Her name was Ms Lim Siang Ngoh, and she blew into Mattar PS as our P3 form teacher. Because she was young, we immediately took a liking to her, especially since graduating from a class run by an old, slappy hag like Mrs Lee in P2. Ms Lim was like the Ideal Teacher: Soft-spoken, kindly. And although she got angry at times, she never took it out on us. All of us liked her without a doubt. She helped me do very well that year, even beating that girl who often came first during the exams.

The best experience with Ms Lim was going to MPH to pick out our book prizes. For me that year, it was the Wishing Chair series from Enid Blyton.

Come end of year, we were especially sad saying good-bye to Ms Lim. She had been a revelation as a new-school (new-era) teacher. That December holiday, she invited me and three other classmates to her home in Old Airport Road. She had promised to cook us a special meal for doing well in the exams. The usual four of us went.

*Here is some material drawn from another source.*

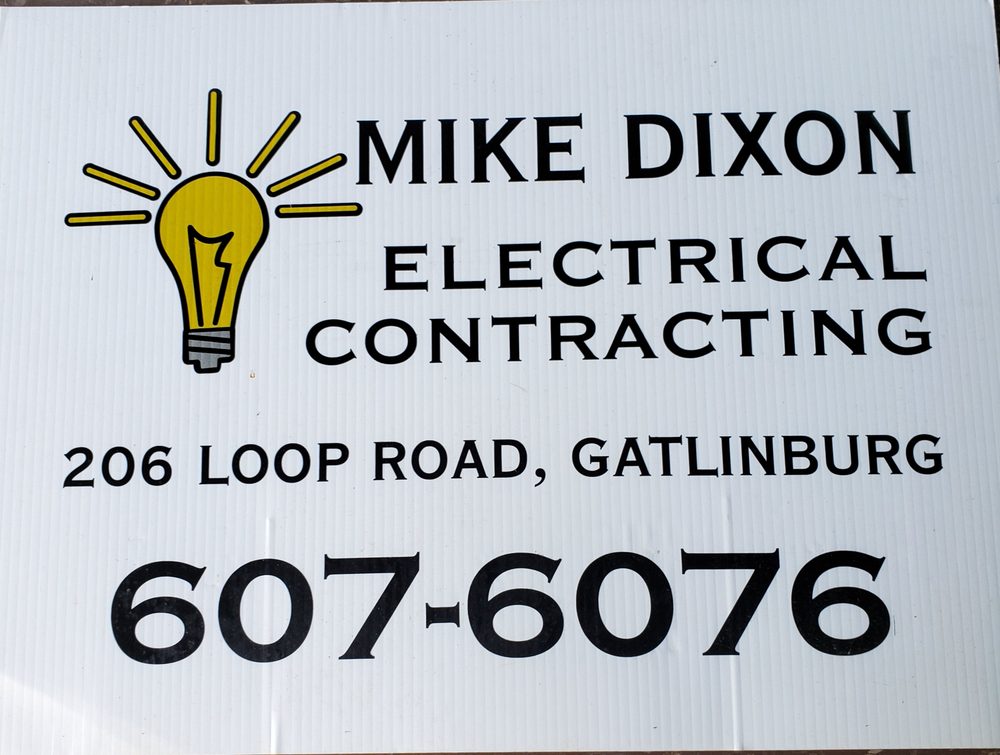 Mike Dixon Electrical Contracting 206 Loop Rd, Gatlinburg Tennessee 37738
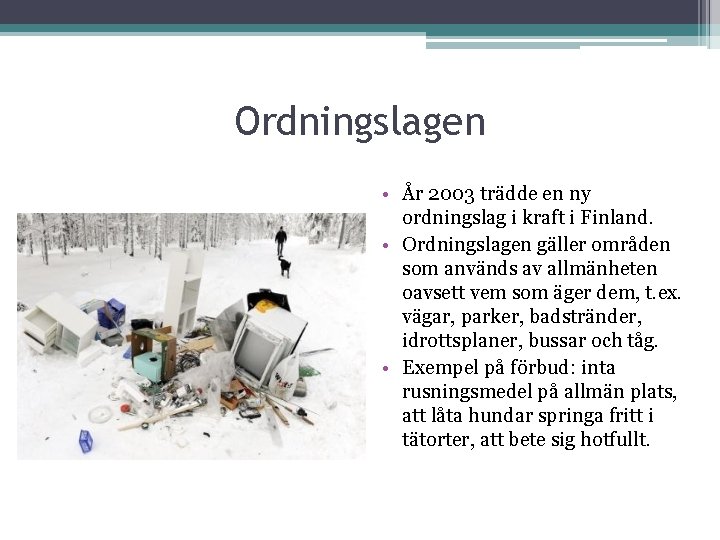 Ordningslagen • År 2003 trädde en ny ordningslag i kraft i Finland. • Ordningslagen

At the party, she played us tunes from a standing piano, joined us in a game of Blindman's Bluff and taught us how to cook fried rice with pepper seeds. It was my first time in an Old Airport Road flat and a first time eating fried rice with pepper. I loved it and would afterwards forever put pepper (powder) in my fried rice. Such is the power of a kind and wonderful teacher.

Besides Ms Lim, I had also visited Mr Pang and Ms Leng. Some of these teachers might have been harsh, but if they were not mean and showed a good side as well, we kids normally forgave pretty quickly. After all, more than once, we needed their help and advice with growing up. To help resolve our playground fights, get help when we did not have money to pay for school fees or even eat during recess time. There's a lot a teacher can do and they did. There's also a lot we could have learnt from them, but in those days, we kids were meant to be seen and not heard. The ones who talked with the teachers most were usually the noisy and naughty ones. I wonder what our teachers will say of us now if we ask them today.